- Description of the task -
Return the lines that run from the line containing "С чем носить" through the end of the entries, both ends included. Leave out all pictures.

- Extracted material -
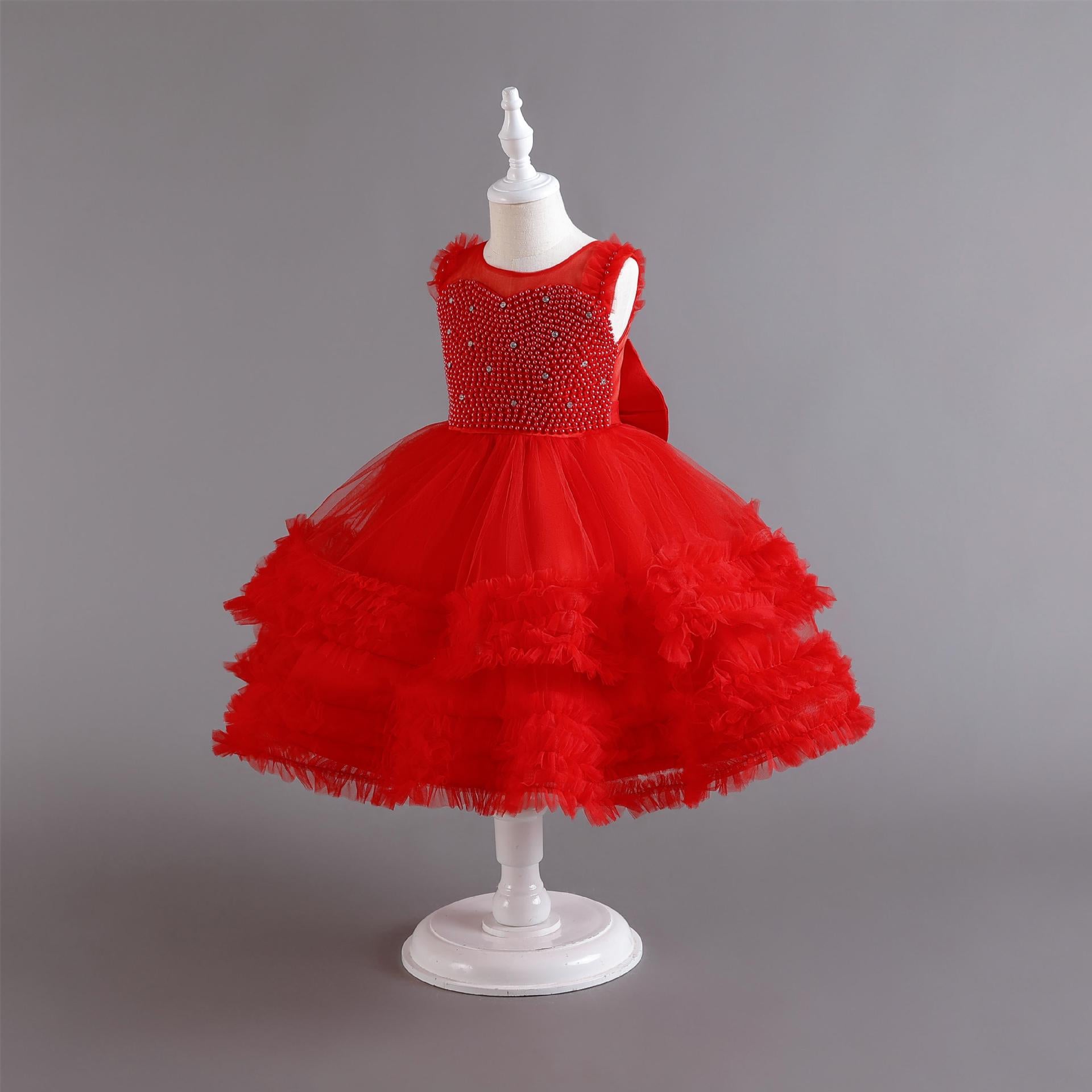 Layered Puff-Skirt Flower Girl Dress for Weddings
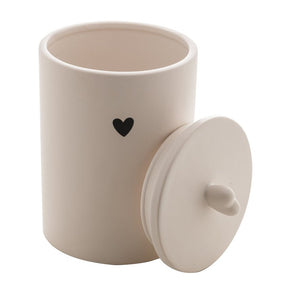 Pote Decorativo de Cerâmica Heart Coração Branco 15cm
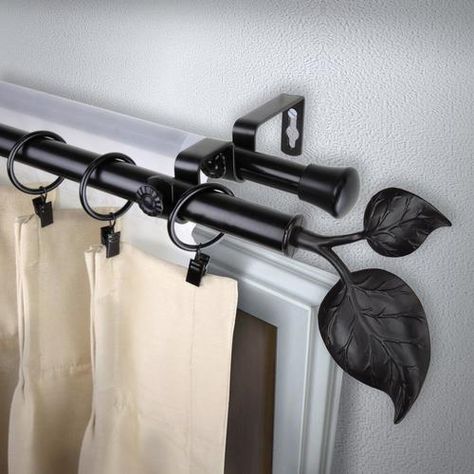 Unique Curtain Rod Ideas, Corner Curtain Rod, House Curtains, Corner Curtains, Double Curtain Rod, Bath Light Fixtures, Double Rod Curtains, Double Curtains, Cool Curtains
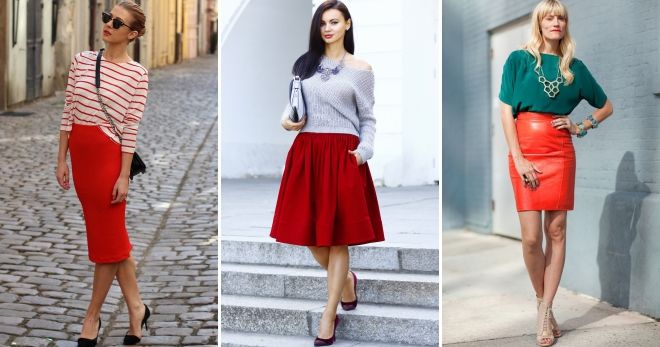 С чем носить красную юбку – фото-обзор самых модных образов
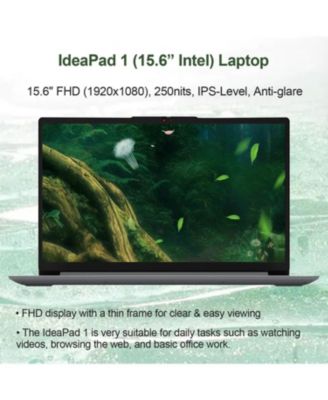IdeaPad 1 Home Laptop, 15.6" FHD Display, Intel Celeron Dual Core Processor, 12GB RAM, 384GB Storage(128GB eMMC + 256GB PCIe), 1 Yr Office 365, Wi-Fi 6, W11H, Additional 1 Yr ADP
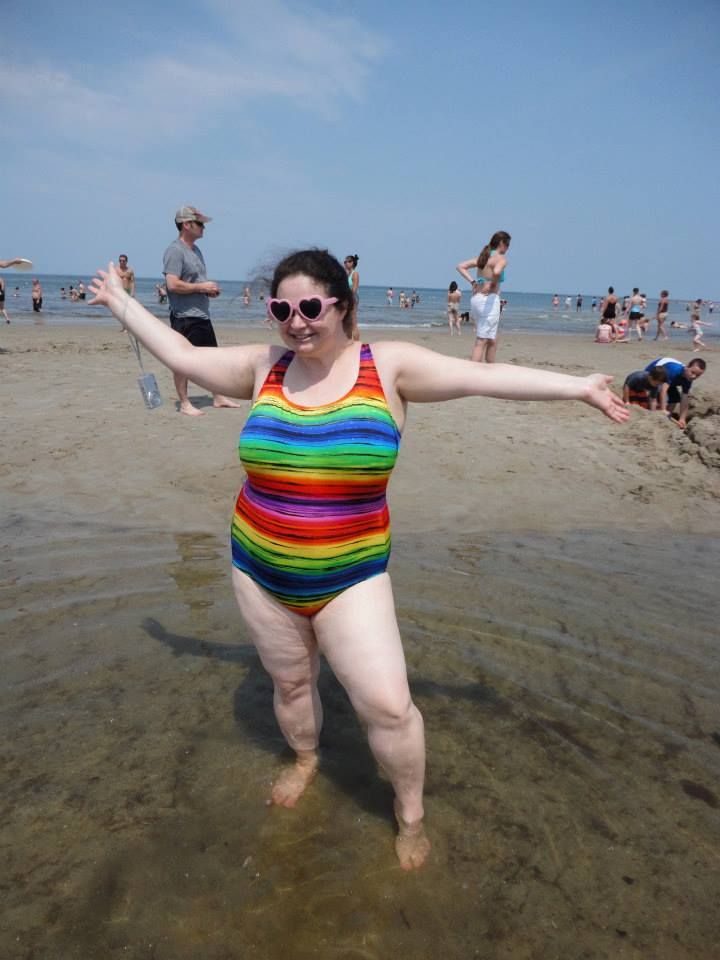 Fat woman at beach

- Response for this exercise -
 С чем носить красную юбку – фото-обзор самых модных образов
IdeaPad 1 Home Laptop, 15.6" FHD Display, Intel Celeron Dual Core Processor, 12GB RAM, 384GB Storage(128GB eMMC + 256GB PCIe), 1 Yr Office 365, Wi-Fi 6, W11H, Additional 1 Yr ADP
 Fat woman at beach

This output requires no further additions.